Environment and the natural world
Audiences interested in the environment and the natural world are in for a couple of special treats at this year’s Guernsey Literary Festival.
Visiting speakers include award-winning teenage conservationist Dara McAnulty and a man who is an acknowledged expert on the importance of insects and their preservation, Dave Goulson.
Dara McAnulty is a 17-year-old naturalist and conservationist, whose award-winning book Diary of a Young Naturalist documents a year of his life and his encounters with nature and provides an insight into his experiences as an autistic teenager pursuing environmental activism.
Dara, who is from Northern Ireland, started by writing his blog Naturalist Dara for over three years, before publishing Diary of a Young Naturalist, which won the 2020 Wainwright Prize for Nature Writing, and was longlisted for the Baillie Gifford Prize – the youngest ever author to do so.

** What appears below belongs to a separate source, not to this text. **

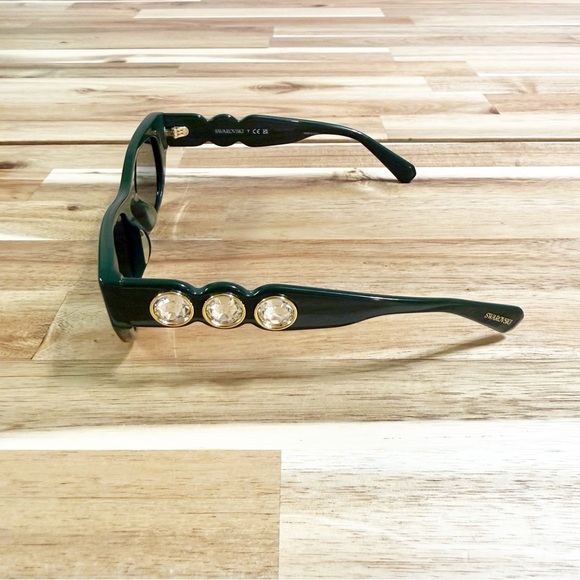 Swarovski Dark Emerald Green Crystal Arm Embellished Rectangular Sunglasses NEW - Picture 6 of 13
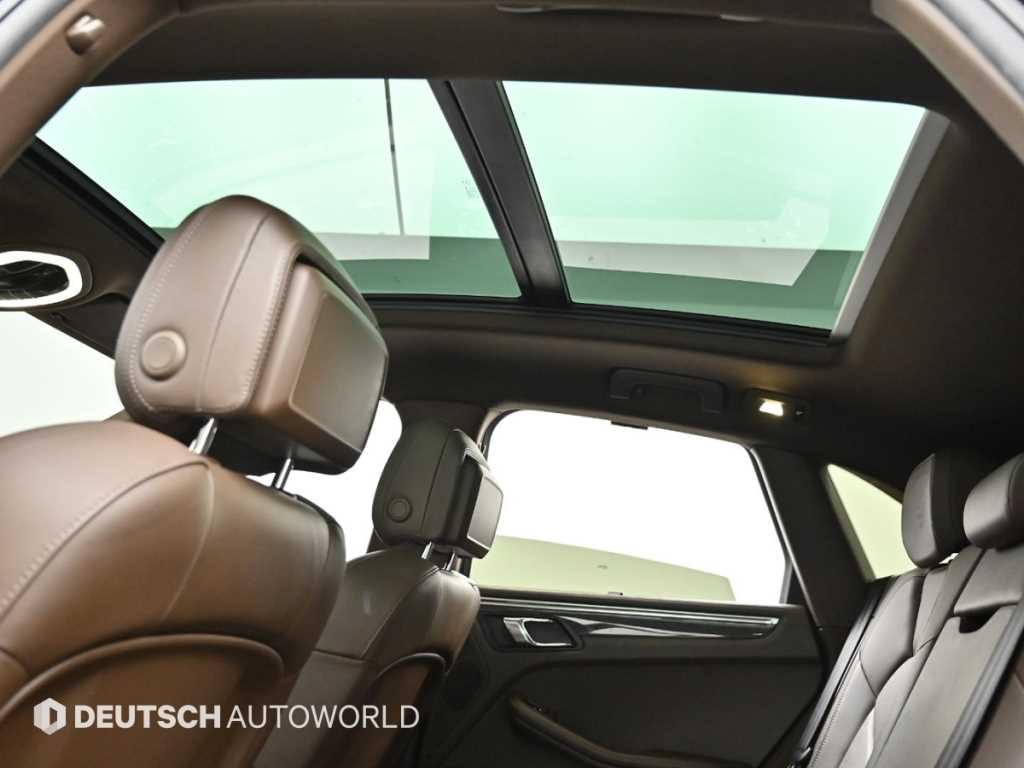 Porsche Macan — photo 18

He went on to win The Booksellers Association Books Are My Bag Readers Award for non-fiction, the An Post Irish Book Awards Newcomer of the Year, and his most recent award was the British Book Awards Narrative Non-fiction Book of the Year. An incredible, record-breaking achievement for a teenager yet to sit his A-levels.
Guernsey Literary Festival audiences will be able to join Dara in conversation as he talks about how we can use the outdoors for entertainment, education and relaxation, the pressures faced by young campaigners as their political influence continues to grow, and life with his family, raised on Seamus Heaney and classic punk rock.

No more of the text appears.